Zunächst mal zum Vergnügen. Jane Austen schrieb Komödien, die so souverän und leicht gestaltet sind, daß Amüsement und Spannung sich die Waage halten. Ihre Dialoge zählen zu den lebendigsten der westlichen Literatur überhaupt. Ihre Sottisen sind so fein gestickt, wie es sich für eine junge Dame ihrer Zeit geziemt: sie bluten nicht, aber sie treffen genau - und sie schmerzen empfindlich. Ihre Psychologie ist so präzise und erregend, daß eine wachsende Schar aufgeklärter, emanzipierter Leserinnen, die zwischen Haupt und Nebenwiderspruch geläufig zu unterscheiden weiß, atemlos und infiziert Anne Eliots tappenden Schritten in dem Dunkel folgt, ob Kapitän Wentworth sie noch liebt.
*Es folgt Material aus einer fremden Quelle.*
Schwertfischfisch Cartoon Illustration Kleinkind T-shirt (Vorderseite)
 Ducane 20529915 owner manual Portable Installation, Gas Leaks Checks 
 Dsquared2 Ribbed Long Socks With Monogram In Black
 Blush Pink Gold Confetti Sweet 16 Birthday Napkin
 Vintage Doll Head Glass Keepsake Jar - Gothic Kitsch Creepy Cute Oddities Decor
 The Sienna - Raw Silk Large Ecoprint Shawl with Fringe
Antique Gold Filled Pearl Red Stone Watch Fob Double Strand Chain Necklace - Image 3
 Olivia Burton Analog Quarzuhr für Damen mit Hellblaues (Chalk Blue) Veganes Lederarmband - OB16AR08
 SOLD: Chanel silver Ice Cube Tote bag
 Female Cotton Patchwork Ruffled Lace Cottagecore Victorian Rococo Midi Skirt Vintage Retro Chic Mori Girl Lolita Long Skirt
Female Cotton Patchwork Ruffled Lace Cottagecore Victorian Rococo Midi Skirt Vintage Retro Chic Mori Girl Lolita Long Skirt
Zum zweiten wegen ihrer Genauigkeit. So wie man das Frankreich der Restauration nach der Comedie Humaine Balzacs wieder errichten könnte, geben Jane Austens Romane ein getreues Abbild des sittlichen Codex ihrer Gesellschaftsschicht um die Wende zum 19.Jahrhundert. Sie ist, wie Charlotte Bronte widerstrebend anerkennt, „von miniaturhafter Genauigkeit und chinesischer Zartheit in ihrer Schilderung“. Geschichte steht uns wesentlich in Sprache zur Verfügung, und aus ihrer Epoche ist uns nicht soviel Glaubwürdiges en detail überliefert, daß wir auf ihren weiblichen Bericht verzichten dürften. - Aber Jane Austens Präzision bezeichnet nur die äußerliche Seite ihrer Authentizität. Inhaltlich (und damit: „drittens“...) wird sie bestätigt durch die Auswahl ihrer Themen, durch die Kulturlandschaften des Innenlebens, die sie erschlossen hat. Die Tatsache, daß in ihrem Werk niemals ein Mann allein oder eine reine Männergesellschaft - beobachtet wird, bildet die großartige Kehrseite der kleinmütigen Regenschirmszene: Jane Austen beschreibt nur, was sie wissen kann. Sie versetzt sich niemals in den Kopf eines Mannes, weil die Politik des Selbst zu ihrer Zeit eine der Geschlechtertrennung war und die gesellschaftliche Übereinkunft jene redselige Psychologie verbot, in der wir heute auf Hochbetten und an Cafehaustischen freimütig über uns Aufschluß geben. So erfindet sie weder männliche Seelenzustände noch Gespräche unter Gentlemen: Sie bleibt bei ihrem Saum.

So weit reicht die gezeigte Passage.